We did, that is, until we discovered Common Craft. I used to spend 20-30 minutes explaining what RSS is and how both users and content publishers can benefit from it—keep in mind that the percentage of users who knowingly use RSS is still frustratingly small—but Common Craft found a way to explain RSS in about three minutes. If you haven't seen it, check out their RSS In Plain English video:
They've created a product that was sorely needed for people like me—dead simple explanations of complicated topics—and have done it in a fun and unique way. Now, whenever I'm pitching a client on the benefits of having a business blog, I just show them the Common Craft RSS video, and they're sold.
2. Great Business Model
Common Craft has a fantastic business model. They put most of their videos on YouTube, freely available to those who need them. They also sell their videos to people like me who may wish to use one in a seminar presentation. Finally, they produce custom videos. If you're in a complicated industry dealing with new technologies or terminologies, you can hire Common Craft to create one of their patented explanation videos just for you.
3. High Quality Work
These videos are excellent. If you have ever seen the "Watch a video!" link on the Twitter home page, that's Common Craft's work (it's not there anymore). That video, "Twitter in Plain English," has been viewed millions of times and has even been translated in 69 different languages. How many languages has your video been translated into?

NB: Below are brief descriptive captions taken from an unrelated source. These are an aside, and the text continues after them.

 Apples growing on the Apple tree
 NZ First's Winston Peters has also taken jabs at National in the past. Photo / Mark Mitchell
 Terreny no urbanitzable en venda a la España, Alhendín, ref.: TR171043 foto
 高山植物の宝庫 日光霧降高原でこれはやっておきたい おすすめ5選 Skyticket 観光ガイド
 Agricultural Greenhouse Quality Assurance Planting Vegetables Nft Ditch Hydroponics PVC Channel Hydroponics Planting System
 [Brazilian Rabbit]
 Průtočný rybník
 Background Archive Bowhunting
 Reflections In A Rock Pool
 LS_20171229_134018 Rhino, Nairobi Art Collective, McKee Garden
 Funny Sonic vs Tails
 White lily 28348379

In case you haven't seen it:
Think about this for a minute… Common Craft did such a good job explaining what Twitter is and how it's used, that Twitter put a link to the video on the home page (rather than trying to explain it themselves). If that's not an endorsement of how great Common Craft is at boiling down complicated concepts into easily understood explanations, then I don't know what is. Whatever complicated thing it is that your company does, I can pretty much guarantee that Common Craft can explain it better than you can.
4. Oustanding SEO
Granted, it helps their SEO efforts tremendously to have so many links pointed at their site and their videos. But isn't that what we preach to each other at conferences all the time? Have great content, and the links—and by extension, the search placements—will follow, right?
I get a lot of clients that know enough to be dangerous. They want to use YouTube to promote their business, but the only video content they have is the piece News Channel 6 did on them last November. It does get old trying to explain why simply throwing your existing commercials and instructional videos up onto YouTube won't exactly translate into a number one Google rank.
Naming the video series "In Plain English" is just this side of genius. I'd love to get a peak at their analytics to see how much traffic they get from searches containing that phrase. The business model helps a ton, too, in terms of anchor text. Anyone who watches a Common Craft video that they find exceptional is likely to link to it—and do so using the perfect anchor text whether they realize it or not (such as "click here to see the single best explanation of Twitter I've ever seen.”).
They don't need to ask for anchor text, because they've built and named their product in a way that gets the desired anchor text inherently. Brilliant. Check out a search on Google for "explanation of twitter," or see the screenshot on the right. Their site is #1 organic result and their video #1 universal result.
They've clearly done all of the basic on-site SEO as well. Whether they hired someone or did it themselves, it's obviously something they considered early on. The code is very clean, and all the usual suspects (meta tags, alt tags, etc.) are there. Just the full package of SEO logic from business model to product name to keywords.
If you struggle to explain things to your client, I would encourage you to check out Common Craft... you won't be sorry.
Disclaimer: It's a shame that we're in a day and age when I have to do this, but here goes… I am not affiliated with Common Craft. They haven't paid me or asked me to write this. I'm an absolute nobody to them. I'm just a huge, huge fan and thought it was a fantastic case study of how to do video (and SEO for video) the right way.